Cette année-là, il a été admis dans un projet de recherche au Princess Margaret Cancer Center, de Toronto, projet où les chercheurs travaillaient justement avec l’approche d’immunothérapie basée sur l’injection de lymphocytes T extraits des tumeurs, multipliés et réinjectés dans le corps, sans toutefois, le bénéfice d’une sélection des meilleurs soldats.
Qu’à cela ne tienne, il a suivi cette thérapie jusqu’en décembre dernier.
«Ç’a stoppé la maladie; elle est encore là, mais ç’a stoppé la progression», raconte-t-il, ajoutant avec un soupçon d’émerveillement dans la voix que «c’est quand même phénoménal d’avoir un traitement qu’on possède en soi».
Depuis, la maladie est «stable, contrôlée, toujours présente, mais inactive», dit-il, bien qu’il doive se soumettre à un suivi serré qui l’envoie à Toronto toutes les trois semaines et assurer un suivi aussi à Montréal.

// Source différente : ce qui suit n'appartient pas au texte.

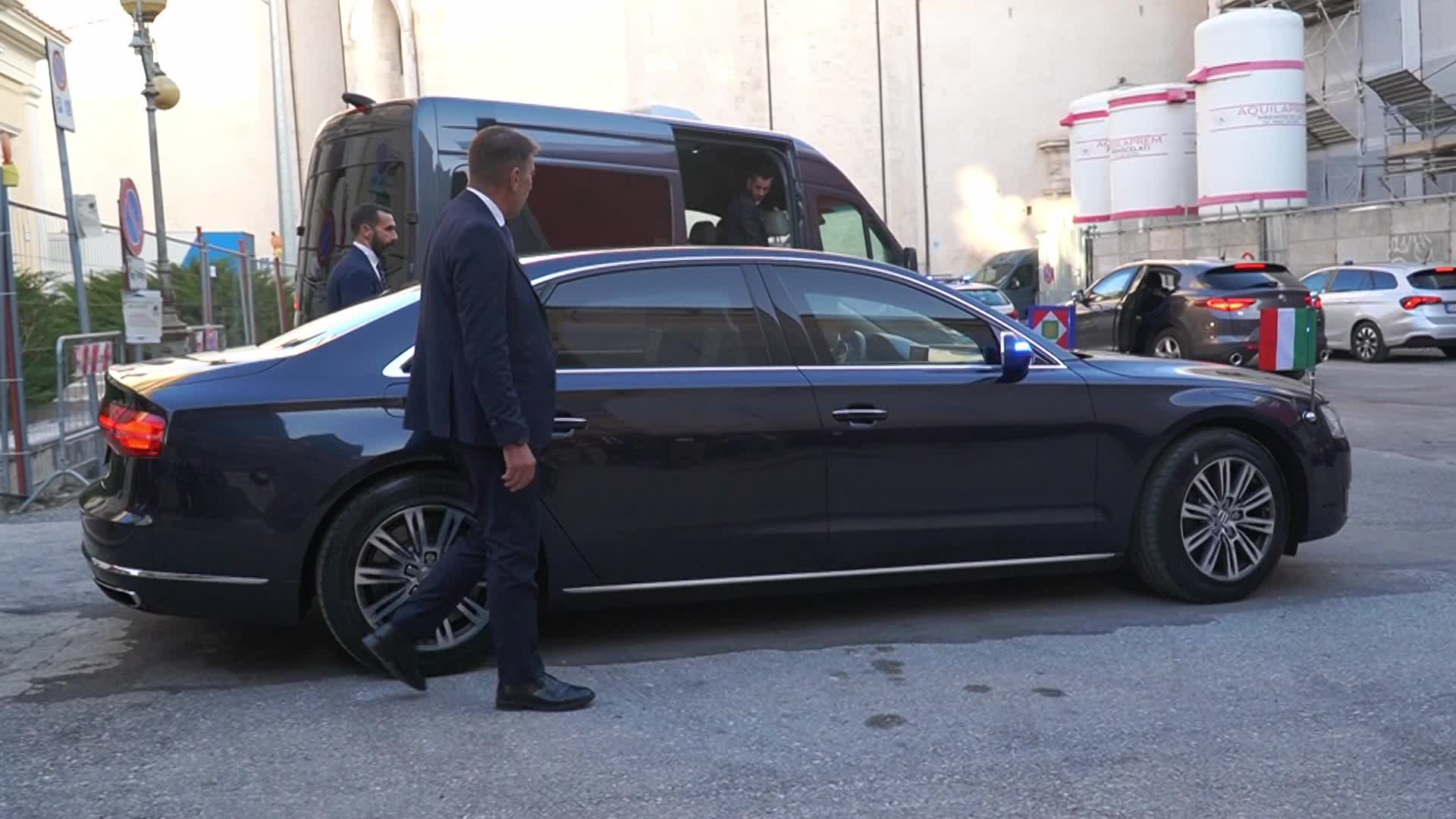 The President of the Italian Republic Sergio Mattarella In L'Aquila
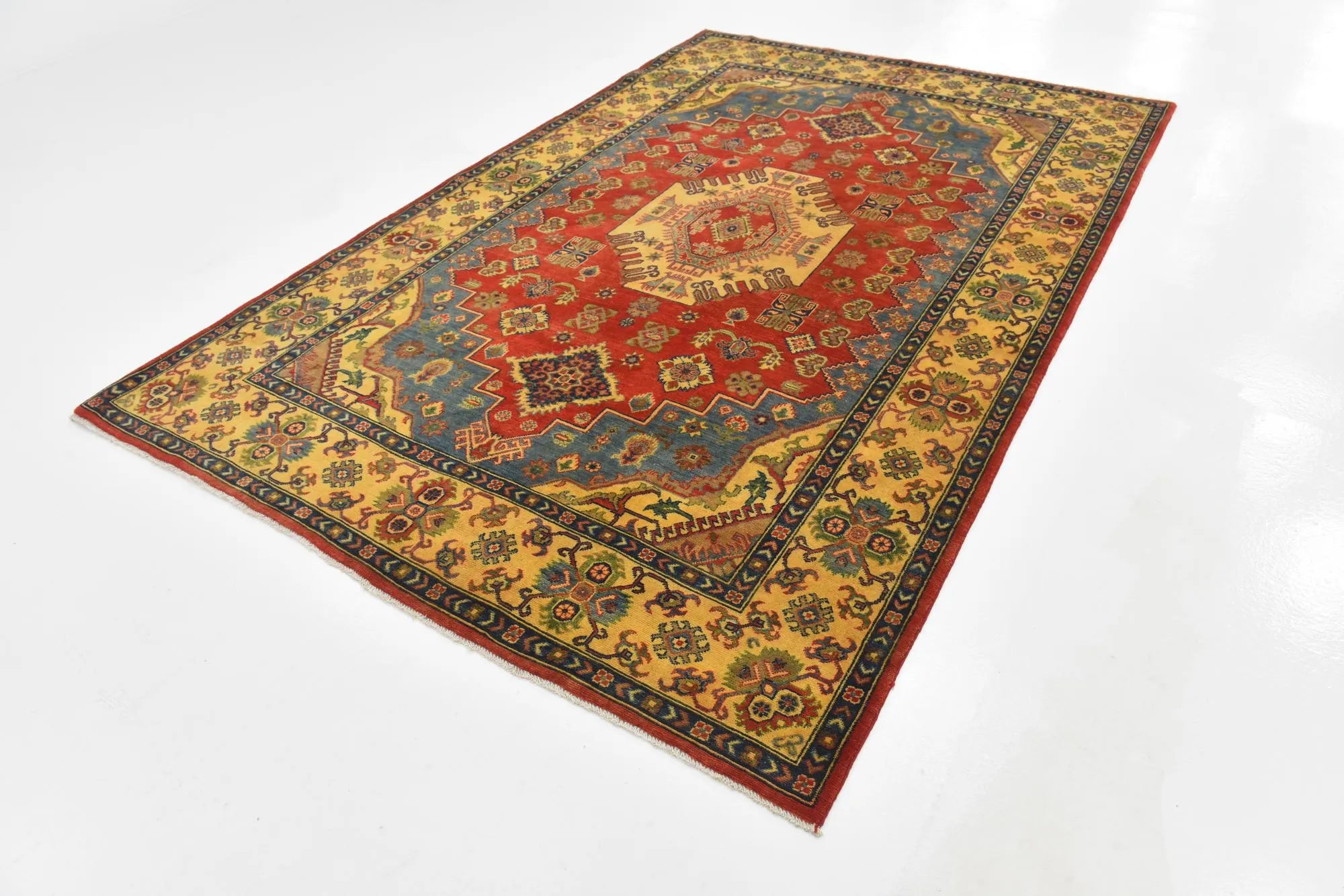 Red & Yellow Color Kazak Hand-Knotted Wool Rug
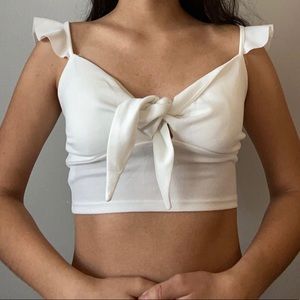 SHEIN knotted self-tie ruffled crop top
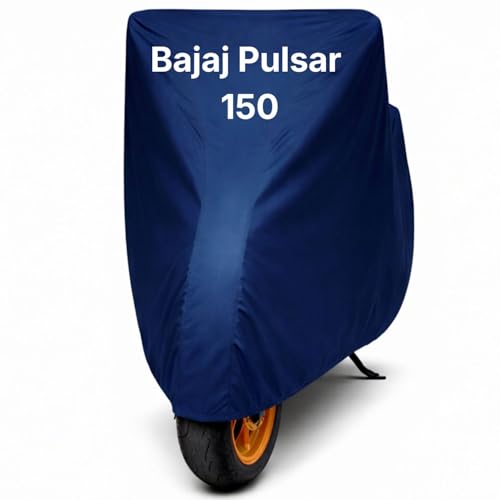 Image of Bike Body Cover for Bajaj Pulsar 150 Waterproof & Dustproof Scooter Cover UV Resistant, Heat Resistant & All Weather Protection Heavy Duty Triple Stitched Two Wheeler Cover (Blue)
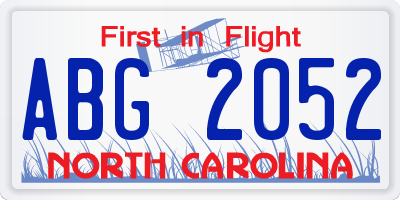 NC license plate ABG2052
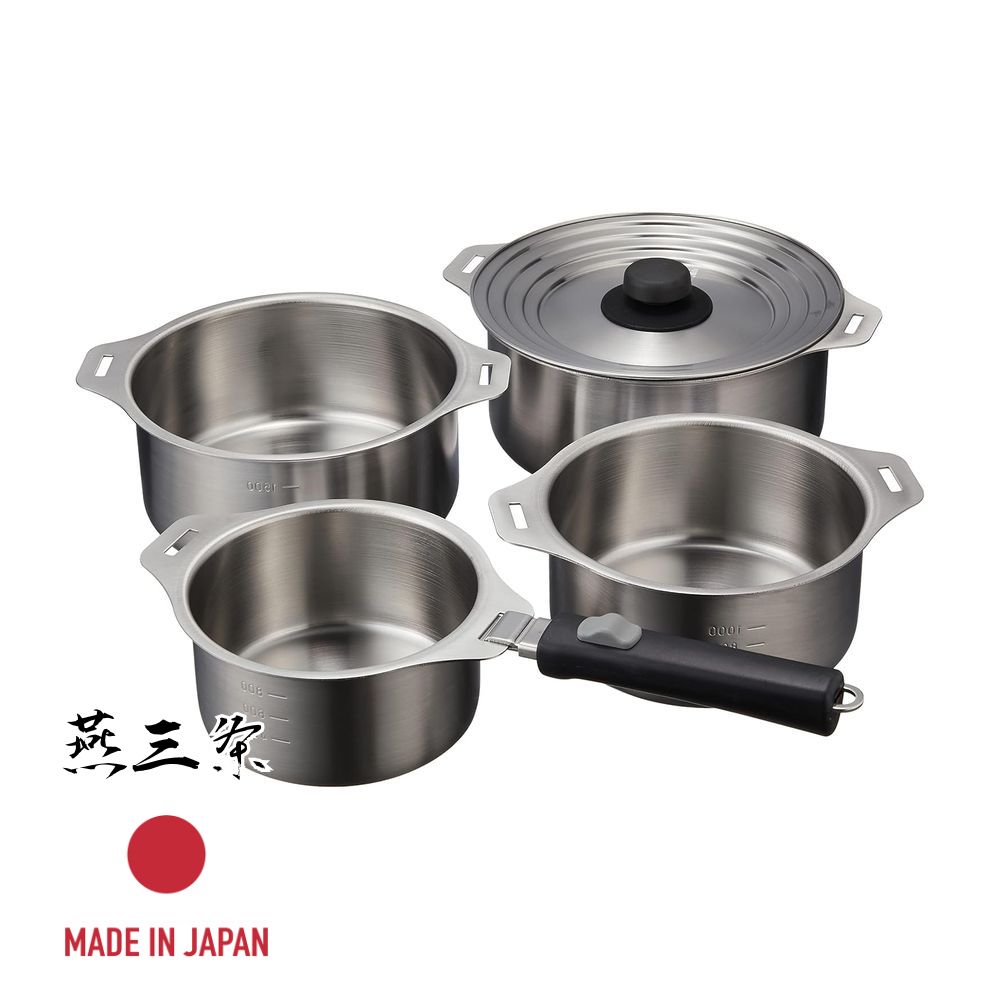＼レビュー特典有／和平フレイズ EM-031 燕三 ハンドル着脱式鍋4点セット 【在庫有り】 | 鍋 ステンレス IH対応 日本製 調理 料理 燕三条 なべ ステンレス鍋 着脱式 三条 燕 IHにも対応 鍋 蓋 ふた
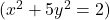 ( x^2 + 5y^2 = 2 )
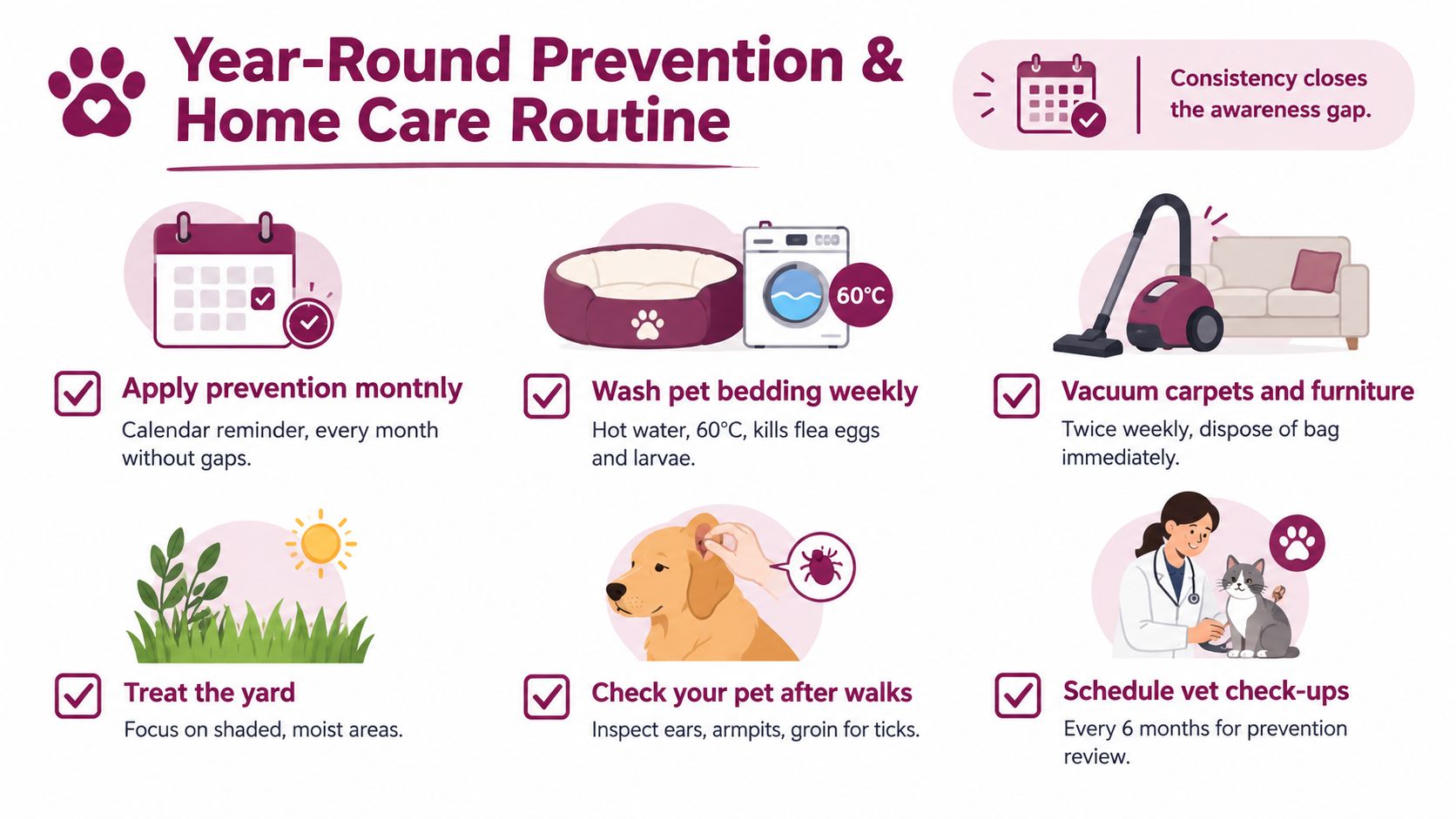 A checklist infographic illustrating a year-round home care routine for preventing flea and tick infestations in pets.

Frédéric Tremblay se réjouit de savoir que les travaux de l’équipe du docteur Turcotte pourraient mener à une immunothérapie encore plus efficace en concentrant ce que le corps humain a de mieux à offrir.
Surtout, le jeune homme de 38 ans, rayonnant, ne regrette certainement pas d’avoir pris le risque de s’inscrire au projet de recherche torontois: «Le défi, c’est de prendre la décision, c’était ça le plus dur, mais en même temps, là, je suis marié, j’attends un enfant, ce qui fait que… ç’a été la bonne décision!»
Horizon de 5 à 10 ans
L’acquisition du trieur de cellules est le début d’une démarche de recherche qui se penchera d’abord sur les cancers de la peau, les mélanomes malins, mais les chercheurs entendent bien greffer au protocole de recherche une série de cancers solides, comme ceux des poumons, du foie, des reins et ainsi de suite.
«Le potentiel est là, de dire le docteur Turcotte. D’un point de vue scientifique, il n’y a aucune raison de penser que cette forme de thérapie ne fonctionne pas s’il y a, au sein d’une tumeur, une tentative par le système immunitaire de combattre son cancer.»
L’appareil n’a obtenu que récemment les certifications pour l’usage chez les humains.
La première étape sera donc de procéder à des essais sur des tumeurs humaines afin de démontrer la capacité du trieur à remplir ses promesses. Le docteur Turcotte estime qu’il sera possible d’obtenir l’autorisation de Santé Canada de procéder à des premiers essais cliniques sur des humains dans environ un an.
Quant à savoir à quel moment l’appareil pourrait devenir un outil clinique régulier pour l’immunothérapie, Simon Turcotte se montre aussi prudent que la grande majorité des chercheurs lorsqu’on leur pose cette question: «C’est très difficile à estimer. Si ça marche bien, c’est raisonnable de penser que sur un horizon de 5 à 10 ans, ça pourrait faire partie du standard clinique.»